Freezing tomatoes when at their peak of flavor is a great way to enjoy summer’s bounty out-of-season. Tomatoes may be frozen whole, chopped, sliced, or pureed as either juice or sauce. When thawed to room temperature, they make tasty additions to stews, soups, sauces, and casseroles. Following these few simple steps will ensure that you always have on-hand the fresh, bright flavors of the garden.
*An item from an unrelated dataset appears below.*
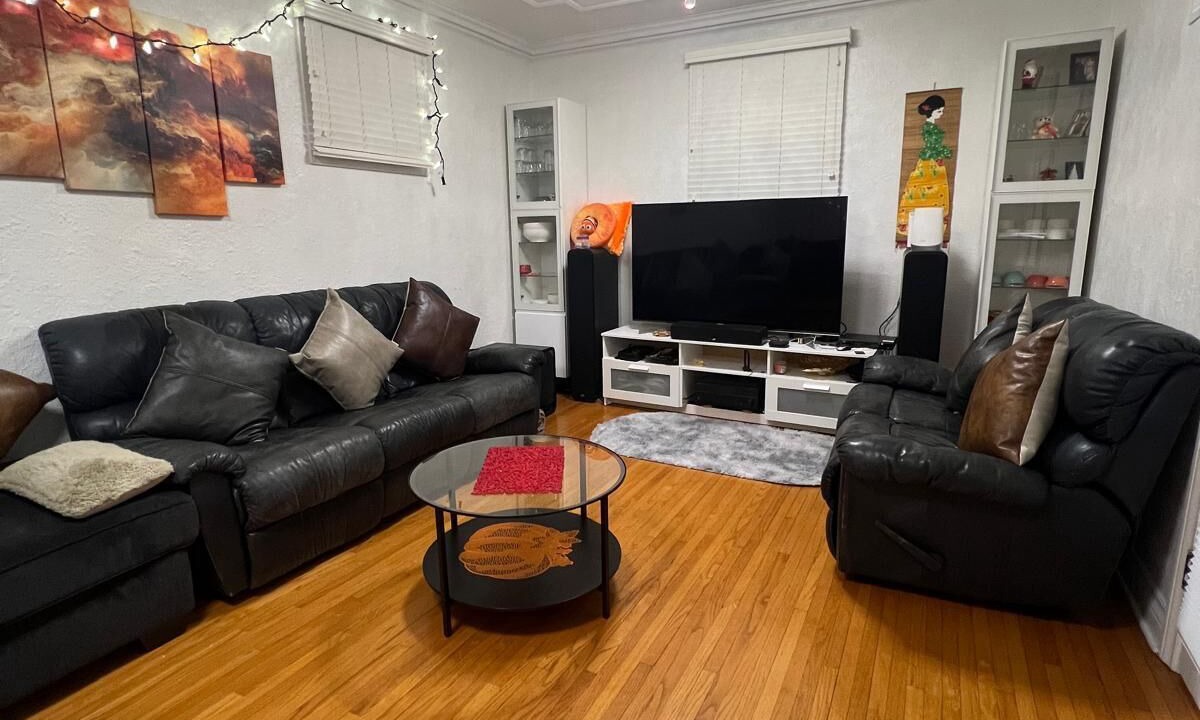 Photo of Livingroom in Winnipeg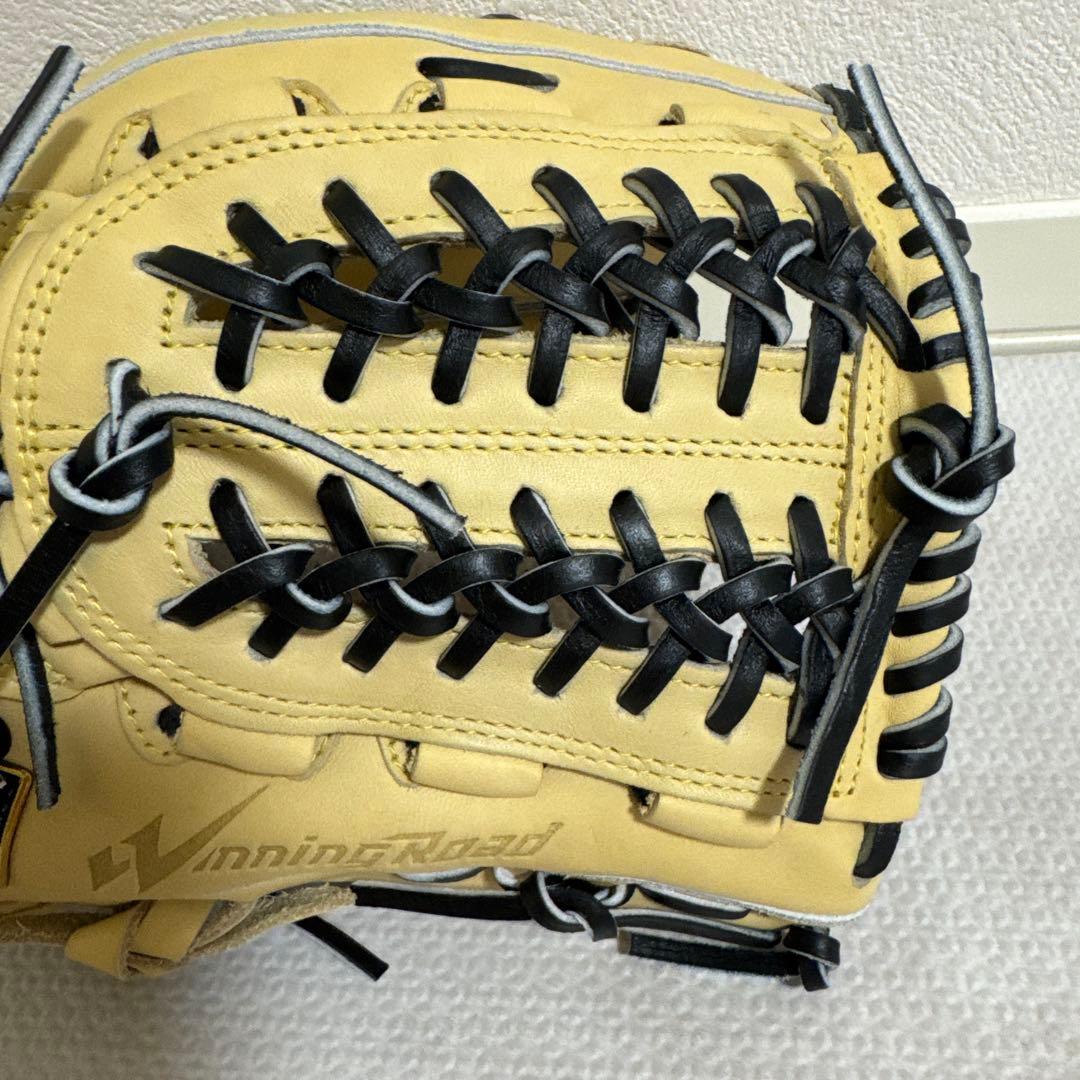 【新品未使用】 野球 ZETT ゼット 軟式 グローブ グラブ ウイニングロード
First, select only vine-ripened tomatoes either from your garden or local farmer’s market. They should be deeply colored and tender, not soft or mushy. Avoid tomatoes marked with spots or bruises. Rinse each tomato under cold running water to remove soil or any residue of pesticides or herbicides. Remove the stem with a paring knife. Drop 2 to 3 tomatoes at a time into a stockpot full of water that has come to a rapid boil. When the skins begin to loosen (about 30 seconds), remove each tomato from the water with a slotted spoon. Immediately plunge tomatoes in a bowl of ice-water to stop the cooking process. Gently slide the skins from the flesh. Using a serrated knife, remove the core and any leftover bits of peel. Leave whole, or cut them into halves or quarters. Likewise, chop, dice or puree. Pack tomatoes into zip-lock freezer bags, leaving a bit of room at the top to squeeze the air out before sealing. Finally, lay filled bags flat on a freezer shelf. When fully frozen, stack bags on top of one another.
Alternatively, you may freeze tomatoes raw. Simply follow the steps above, but omit the par-boiling process. Tomatoes, frozen raw or cooked, will keep in your freezer until the next harvest.